● AIM OF THE TASK:
Search the records below for "with"; copy each line that has it.

● SOURCE INFORMATION:
..........

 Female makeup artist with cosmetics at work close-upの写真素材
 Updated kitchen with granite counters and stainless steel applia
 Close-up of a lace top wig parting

..........

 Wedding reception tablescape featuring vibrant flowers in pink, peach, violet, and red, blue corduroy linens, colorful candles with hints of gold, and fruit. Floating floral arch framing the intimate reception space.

..........

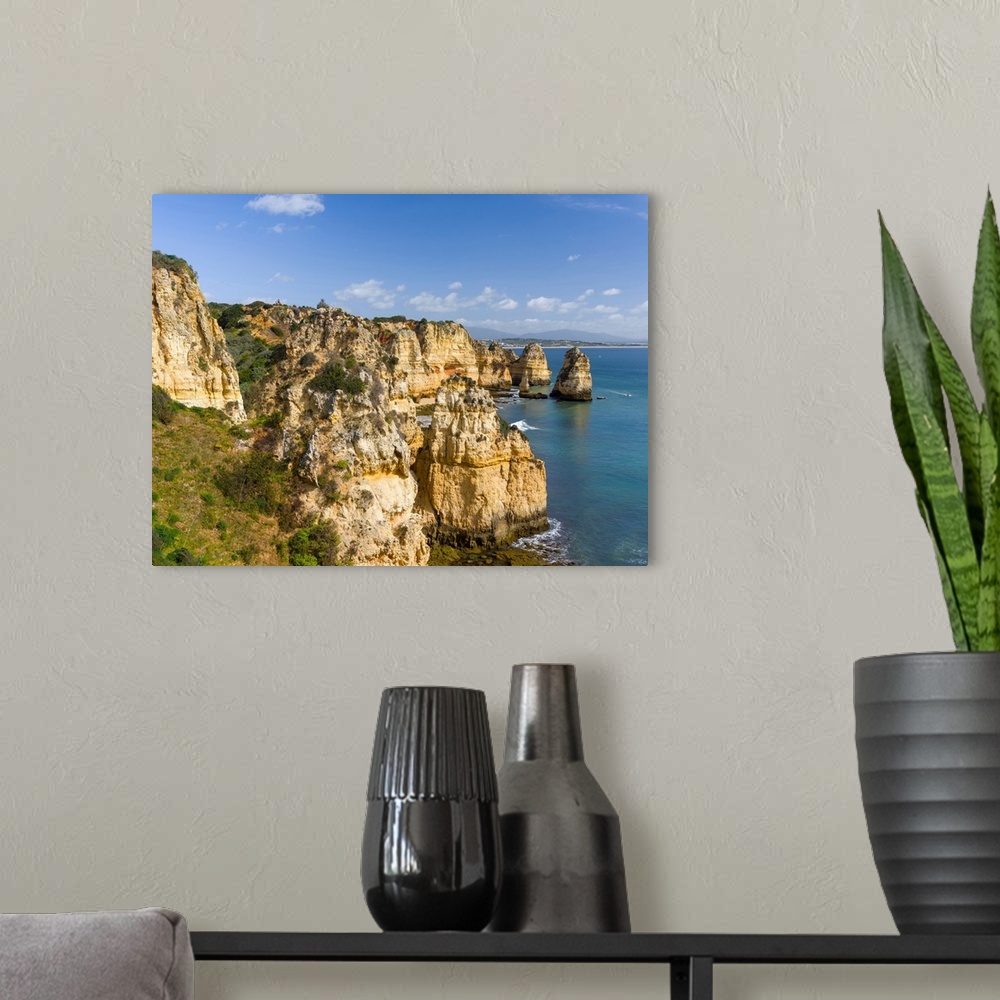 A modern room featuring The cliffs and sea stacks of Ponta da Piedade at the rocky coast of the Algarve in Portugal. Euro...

..........

● ANSWER TO THE EXERCISE:
 Female makeup artist with cosmetics at work close-upの写真素材
 Updated kitchen with granite counters and stainless steel applia
 Wedding reception tablescape featuring vibrant flowers in pink, peach, violet, and red, blue corduroy linens, colorful candles with hints of gold, and fruit. Floating floral arch framing the intimate reception space.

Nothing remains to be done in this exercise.